[<prev] [next>] [<thread-prev] [thread-next>] [day] [month] [year] [list]
Message-ID: <c1cf6883-a323-40e8-881d-ae7023bbc61a@gmail.com>
Date: Wed, 16 Jul 2025 14:44:04 -0500
From: Carlos Bilbao <carlos.bilbao.osdev@...il.com>
To: Jay Vosburgh <jv@...sburgh.net>, Carlos Bilbao <bilbao@...edu>
Cc: carlos.bilbao@...nel.org, andrew+netdev@...n.ch, davem@...emloft.net,
edumazet@...gle.com, kuba@...nel.org, pabeni@...hat.com, horms@...nel.org,
netdev@...r.kernel.org, linux-kernel@...r.kernel.org, sforshee@...nel.org
Subject: Re: [PATCH] bonding: Switch periodic LACPDU state machine from
counter to jiffies
Hello Jay,
On 7/16/25 10:30, Jay Vosburgh wrote:
> Carlos Bilbao <bilbao@...edu> wrote:
>
>> FYI, I was able to test this locally but couldn’t find any kselftests to
>> stress the bonding state machine. If anyone knows of additional ways to
>> test it, I’d be happy to run them.
> Your commit message says this change will "help reduce drift
> under contention," but above you say you're unable to stress the state
> machine.
>
> How do you induce "drift under contention" to test that your
> patch actually improves something? What testing has been done to insure
> that the new code doesn't change the behavior in other ways (regressions)?

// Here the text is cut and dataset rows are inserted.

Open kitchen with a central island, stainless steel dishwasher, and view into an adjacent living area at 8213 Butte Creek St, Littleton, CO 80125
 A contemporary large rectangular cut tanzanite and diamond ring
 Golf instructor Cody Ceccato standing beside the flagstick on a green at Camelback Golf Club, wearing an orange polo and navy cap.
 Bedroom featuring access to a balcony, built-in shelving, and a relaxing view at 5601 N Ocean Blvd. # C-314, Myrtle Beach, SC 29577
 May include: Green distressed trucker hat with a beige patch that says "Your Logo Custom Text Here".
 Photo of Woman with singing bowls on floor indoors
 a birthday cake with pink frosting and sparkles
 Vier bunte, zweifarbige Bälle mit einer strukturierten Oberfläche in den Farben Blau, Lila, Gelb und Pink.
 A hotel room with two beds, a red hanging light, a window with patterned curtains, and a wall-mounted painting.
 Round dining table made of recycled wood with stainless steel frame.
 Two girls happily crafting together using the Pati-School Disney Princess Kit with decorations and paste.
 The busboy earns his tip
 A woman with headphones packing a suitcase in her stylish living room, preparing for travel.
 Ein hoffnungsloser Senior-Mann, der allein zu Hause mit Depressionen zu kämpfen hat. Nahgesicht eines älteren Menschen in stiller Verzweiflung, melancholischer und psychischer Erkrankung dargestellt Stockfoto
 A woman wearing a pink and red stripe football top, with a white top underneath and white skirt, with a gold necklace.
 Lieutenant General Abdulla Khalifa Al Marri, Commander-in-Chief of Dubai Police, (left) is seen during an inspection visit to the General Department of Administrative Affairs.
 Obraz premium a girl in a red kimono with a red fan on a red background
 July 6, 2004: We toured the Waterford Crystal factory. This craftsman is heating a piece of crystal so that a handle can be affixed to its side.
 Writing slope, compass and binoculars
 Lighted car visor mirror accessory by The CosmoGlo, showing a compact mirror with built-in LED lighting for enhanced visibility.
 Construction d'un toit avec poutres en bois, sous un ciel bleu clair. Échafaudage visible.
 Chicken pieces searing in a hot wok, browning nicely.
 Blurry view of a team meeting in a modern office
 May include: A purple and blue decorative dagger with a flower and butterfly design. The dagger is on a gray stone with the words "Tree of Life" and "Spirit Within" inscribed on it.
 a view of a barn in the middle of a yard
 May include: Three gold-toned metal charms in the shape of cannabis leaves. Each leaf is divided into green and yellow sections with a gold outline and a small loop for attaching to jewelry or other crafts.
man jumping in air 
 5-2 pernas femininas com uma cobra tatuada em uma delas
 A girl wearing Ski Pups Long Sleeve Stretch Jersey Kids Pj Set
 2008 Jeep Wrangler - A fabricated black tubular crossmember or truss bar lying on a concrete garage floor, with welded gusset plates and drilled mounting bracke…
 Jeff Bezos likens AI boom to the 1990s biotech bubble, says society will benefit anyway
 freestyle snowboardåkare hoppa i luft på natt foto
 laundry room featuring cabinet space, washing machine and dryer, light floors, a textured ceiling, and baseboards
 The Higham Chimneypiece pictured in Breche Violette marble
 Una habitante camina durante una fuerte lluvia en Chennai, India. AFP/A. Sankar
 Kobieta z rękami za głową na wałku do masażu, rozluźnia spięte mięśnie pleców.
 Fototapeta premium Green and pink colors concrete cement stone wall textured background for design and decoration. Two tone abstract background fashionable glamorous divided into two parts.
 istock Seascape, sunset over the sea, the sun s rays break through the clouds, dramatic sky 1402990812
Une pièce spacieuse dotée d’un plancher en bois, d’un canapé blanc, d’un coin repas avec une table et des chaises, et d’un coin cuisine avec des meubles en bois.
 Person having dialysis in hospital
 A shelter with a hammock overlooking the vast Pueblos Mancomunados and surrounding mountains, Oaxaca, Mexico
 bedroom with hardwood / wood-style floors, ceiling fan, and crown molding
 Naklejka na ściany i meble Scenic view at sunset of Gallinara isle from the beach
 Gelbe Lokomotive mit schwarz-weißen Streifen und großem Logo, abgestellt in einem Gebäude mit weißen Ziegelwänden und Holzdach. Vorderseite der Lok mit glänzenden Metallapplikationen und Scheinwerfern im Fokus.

I tested the bonding driver with and without CPU contention*. With this
patch, the LACPDU state machine is much more consistent under load, with
standard deviation of 0.0065 secs between packets. In comparison, the
current version had a standard deviation of 0.15 secs (~x23 more
variability). I imagine this gets worsens with greater contention.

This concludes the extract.